14、
「これで最後だーっ」
力強くパネルを叩く。
そのままスライム達に全力出撃命令。
「ふっふっふ、ついについに辿り着いた!ここから伝説が始まる!」
12月の半ば、ついにクーリア山脈にたどり着いた。
支配領域も岩肌から5m深くまで伸ばしているから、範囲内の量で情報は揃うだろう。
10キロの道のりを6か月掛けた大工事であった。
「おースライムの粘体が迫ってくる」
領域内はモニタ可能なので壁から森に向かって撮影している。
ゆっくりとだが徐々に迫ってくるスライムの大集団。
これは中々見ものだ。
「到着ー」
視点を森からに帰る。
たどり着いたスライム達は壁に張り付き上っていく。
領域の先端まで行くと高さ20m位になる。
そこまで進んでから消化していく。
「良し、次は魔泥の準備だな」
早速山岳マップ2へ向かう。
山岳マップ2は鉱石採取マップで採掘ポイントで採掘すれば鉱石・宝石が取れるマップになる。
現在情報が何もないから石しか取れないが、数日すれば魔砂、鉄、銅までは取れるだろう。
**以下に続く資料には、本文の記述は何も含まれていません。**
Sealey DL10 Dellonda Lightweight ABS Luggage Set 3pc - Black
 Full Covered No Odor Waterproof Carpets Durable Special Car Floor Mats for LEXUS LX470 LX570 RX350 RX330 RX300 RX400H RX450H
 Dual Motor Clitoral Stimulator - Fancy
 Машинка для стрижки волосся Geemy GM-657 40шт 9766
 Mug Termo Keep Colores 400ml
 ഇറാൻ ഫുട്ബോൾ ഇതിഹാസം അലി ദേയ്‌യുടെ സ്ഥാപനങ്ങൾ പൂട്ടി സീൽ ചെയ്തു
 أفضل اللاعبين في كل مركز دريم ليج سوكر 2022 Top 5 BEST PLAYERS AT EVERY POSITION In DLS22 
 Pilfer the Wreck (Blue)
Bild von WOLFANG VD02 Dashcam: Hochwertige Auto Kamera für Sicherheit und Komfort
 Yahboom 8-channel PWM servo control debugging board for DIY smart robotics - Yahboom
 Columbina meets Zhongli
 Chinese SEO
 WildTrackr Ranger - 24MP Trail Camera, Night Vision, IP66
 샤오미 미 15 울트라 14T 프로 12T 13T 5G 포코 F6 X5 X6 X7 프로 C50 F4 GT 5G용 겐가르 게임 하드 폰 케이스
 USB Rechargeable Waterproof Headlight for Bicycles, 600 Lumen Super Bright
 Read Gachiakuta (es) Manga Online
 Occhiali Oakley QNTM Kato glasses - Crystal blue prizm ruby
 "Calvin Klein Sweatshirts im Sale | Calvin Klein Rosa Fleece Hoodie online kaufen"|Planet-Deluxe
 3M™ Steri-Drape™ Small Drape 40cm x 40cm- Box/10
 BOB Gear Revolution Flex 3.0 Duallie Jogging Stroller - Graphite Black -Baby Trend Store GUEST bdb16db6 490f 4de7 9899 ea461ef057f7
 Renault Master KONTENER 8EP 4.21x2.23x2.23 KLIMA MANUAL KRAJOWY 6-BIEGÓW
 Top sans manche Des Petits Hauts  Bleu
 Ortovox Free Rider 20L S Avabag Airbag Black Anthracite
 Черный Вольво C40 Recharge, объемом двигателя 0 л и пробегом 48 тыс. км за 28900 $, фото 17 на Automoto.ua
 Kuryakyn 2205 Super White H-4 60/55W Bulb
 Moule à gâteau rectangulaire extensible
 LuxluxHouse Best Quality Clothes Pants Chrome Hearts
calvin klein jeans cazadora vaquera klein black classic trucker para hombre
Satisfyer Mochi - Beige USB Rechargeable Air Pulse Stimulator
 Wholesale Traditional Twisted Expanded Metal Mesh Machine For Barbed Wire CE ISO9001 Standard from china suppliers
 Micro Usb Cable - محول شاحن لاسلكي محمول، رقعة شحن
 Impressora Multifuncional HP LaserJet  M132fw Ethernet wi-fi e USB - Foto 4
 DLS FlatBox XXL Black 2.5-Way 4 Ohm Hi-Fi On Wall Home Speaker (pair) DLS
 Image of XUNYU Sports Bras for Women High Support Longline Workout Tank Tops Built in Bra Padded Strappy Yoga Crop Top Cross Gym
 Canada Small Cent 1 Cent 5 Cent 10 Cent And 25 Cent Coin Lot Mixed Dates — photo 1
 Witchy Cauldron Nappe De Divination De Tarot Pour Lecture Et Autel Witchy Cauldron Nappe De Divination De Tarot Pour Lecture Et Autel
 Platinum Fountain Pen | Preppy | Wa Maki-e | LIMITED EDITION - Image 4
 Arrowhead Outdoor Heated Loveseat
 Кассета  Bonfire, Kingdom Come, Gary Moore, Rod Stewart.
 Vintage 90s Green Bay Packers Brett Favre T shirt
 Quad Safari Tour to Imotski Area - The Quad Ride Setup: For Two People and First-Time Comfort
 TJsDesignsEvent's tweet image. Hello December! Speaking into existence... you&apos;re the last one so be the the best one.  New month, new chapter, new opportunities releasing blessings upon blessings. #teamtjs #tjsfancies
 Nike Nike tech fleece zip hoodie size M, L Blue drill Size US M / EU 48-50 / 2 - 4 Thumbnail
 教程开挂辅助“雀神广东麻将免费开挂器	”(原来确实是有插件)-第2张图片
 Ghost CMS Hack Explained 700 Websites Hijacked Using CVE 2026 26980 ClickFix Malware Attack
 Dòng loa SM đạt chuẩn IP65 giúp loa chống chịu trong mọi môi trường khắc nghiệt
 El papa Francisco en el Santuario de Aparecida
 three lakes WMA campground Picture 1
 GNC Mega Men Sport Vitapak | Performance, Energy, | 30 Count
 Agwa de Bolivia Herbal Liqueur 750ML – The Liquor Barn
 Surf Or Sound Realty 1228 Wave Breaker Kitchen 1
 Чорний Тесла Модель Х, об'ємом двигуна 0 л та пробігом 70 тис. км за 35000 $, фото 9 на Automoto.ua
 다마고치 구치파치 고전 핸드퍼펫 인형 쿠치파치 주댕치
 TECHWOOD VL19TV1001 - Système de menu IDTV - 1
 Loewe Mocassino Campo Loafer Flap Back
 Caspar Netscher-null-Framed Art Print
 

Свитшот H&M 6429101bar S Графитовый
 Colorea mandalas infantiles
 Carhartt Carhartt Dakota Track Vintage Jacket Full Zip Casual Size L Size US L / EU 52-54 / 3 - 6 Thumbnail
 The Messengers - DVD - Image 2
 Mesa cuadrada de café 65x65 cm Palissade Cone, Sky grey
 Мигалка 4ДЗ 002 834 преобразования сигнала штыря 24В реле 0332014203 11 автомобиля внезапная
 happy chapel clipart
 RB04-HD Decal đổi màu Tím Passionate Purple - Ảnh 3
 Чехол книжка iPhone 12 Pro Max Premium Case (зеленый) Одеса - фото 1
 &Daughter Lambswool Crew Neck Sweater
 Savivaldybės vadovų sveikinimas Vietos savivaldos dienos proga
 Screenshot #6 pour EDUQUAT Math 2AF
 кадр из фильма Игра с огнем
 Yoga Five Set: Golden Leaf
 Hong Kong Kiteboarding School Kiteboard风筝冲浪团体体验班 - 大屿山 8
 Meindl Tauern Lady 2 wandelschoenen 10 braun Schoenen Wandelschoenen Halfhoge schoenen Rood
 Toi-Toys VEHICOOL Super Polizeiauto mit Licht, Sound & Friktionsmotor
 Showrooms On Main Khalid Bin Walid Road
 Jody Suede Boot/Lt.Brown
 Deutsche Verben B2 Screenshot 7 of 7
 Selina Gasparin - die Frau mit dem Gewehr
それ以上は情報が足りないし、錫や亜鉛なんかは知られていない。
「運搬用の籠と製錬釜が欲しいね」
ゲートを出て左側に物置を、右側に精錬釜を設置する。
物置の中には1トンから10トンまで容量がある様々な籠を棚に置く。
重さを感じないので移動に便利だ。
もちろん盗難防止でゲートを潜れない。
「んー5m位あれば骨折するかな?」
ゲートの裏側を高さ5mの崖にする。
籠を持ったままゲートを潜ろうとすると、そのまますり抜け崖から落ちる仕組みだ。
バカは好きだが屑はいらない。
製錬釜は入り口から鉱石を入れると、含まれていた宝石の原石と、製錬した金属を下の出口から排出する。
実はこの精錬釜、色々詐欺仕様になっている。
1カラット以下の宝石は排出されないし、採掘した人の知識にない鉱物も製錬されない。
鉱物はインゴットになって出てくるが、これも各最小重量が決まっていてそれ以下は出ない。
更に手数料で一定数引かれる仕様だ。
この引かれた金属や宝石は宝箱から排出される材料としてストックされる。
採掘が流行れば宝箱もグレードアップする仕様だ。
「ダンジョンマスターなんだから、ストックしてある金属使っても良いし」
横領する気まんまんだ。
「これで魔砂が出来るから、もう一個の山岳ダンジョンだ」
山岳マップ2を出て山岳マップ1にいく。
山岳マップ1はゲートを中心に直径1キロの平の地面だけで、それ以降は傾斜になっている。
この傾斜は北に行くほどきつく、南に行くほどが穏やかな作りをしている。
季節も外と同期しているので、様々な大自然を堪能できるはずだ。
「大分生えてきたなあ」
木関係はまだ箱庭で育てていないので、このマップに生えているのはスライムの頑張りで情報がそろったこっちの木々達だ。
背は低いが山肌が緑色に色づいている。
箱庭で木を育てると、このマップにもニョキニョキ生える。
ただし、それはトレント種やドリアード種の魔物で普通の木ではない。
普通の木はエルキア産と同じ成長スピードで育つ。
そして、毒関係の植物はここには生えない。
フィールドダンジョンは出来るだけ優しい世界にしたい。
「さあ、ここに工房を建てよう。」
ゲートの裏にちょっと高級なログハウスを設置。
その家から左右に円を描くように、小屋を建てるスペースを確保。
「U」の字のように伸ばしていき、正面に炭焼き小屋を並べて置けるスペースを確保
炭焼き小屋を背に酒場兼食堂のような建物を立てるスペースを作り完成だ。
「DPがあればもう立てるんだけど」
無い袖は振れなかった。
「準備完了したから帰ろう」
数日後が楽しみだ。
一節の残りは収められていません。